Data shown Block Start

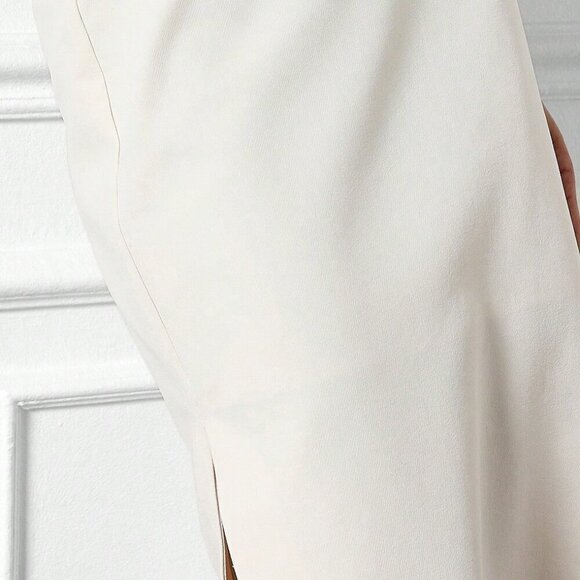 White Elegant Women's Tailored Side Slit Pencil Midi Skirt - Picture 5 of 5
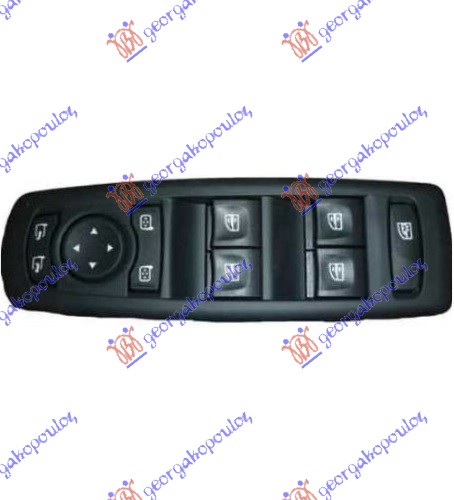 PREKIDAC U PREDNJIM VRATIMA (4 TASTERA) (CRNI OKVIR) (ELEK-SKLOPIV RETROVIZOR) (2 KONEKTORA) (13+6 PIN) RENAULT MEGANE H/B - S.W. 2008-2014 (KM0/KM1)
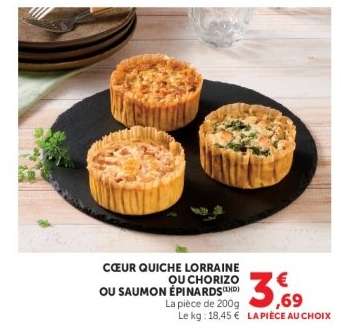 Cœur Quiche Lorraine ou Chorizo ou Saumon Épinards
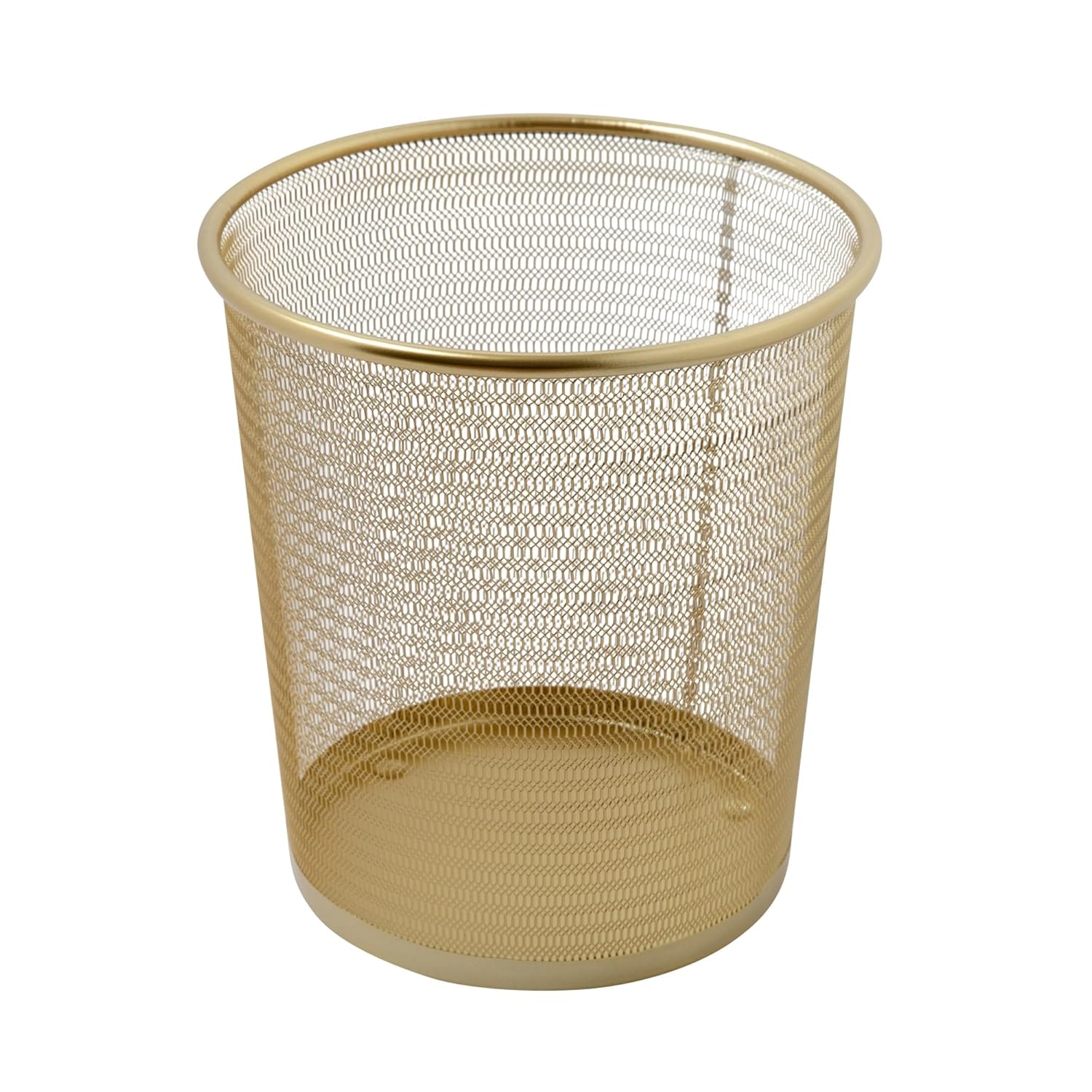 Martha Stewart Ryder Mesh Metal Trash Can, 4.5 Gallon, Gold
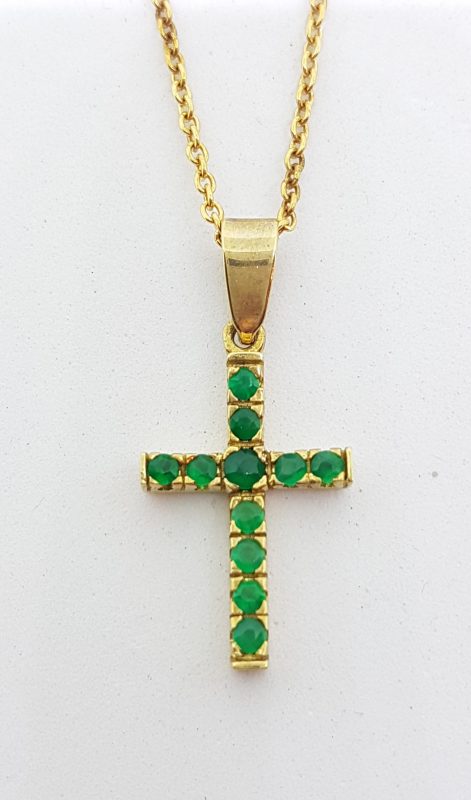 9ct Yellow Gold Natural Emerald Cross / Crucifix Pendant on Gold Chain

Data shown Block End

Task requirements.
Only the lines from the one containing "Martha Stewart Ryder" through the end of the data above are to be output, exactly and without pictures.

Written answer.
 Martha Stewart Ryder Mesh Metal Trash Can, 4.5 Gallon, Gold
 9ct Yellow Gold Natural Emerald Cross / Crucifix Pendant on Gold Chain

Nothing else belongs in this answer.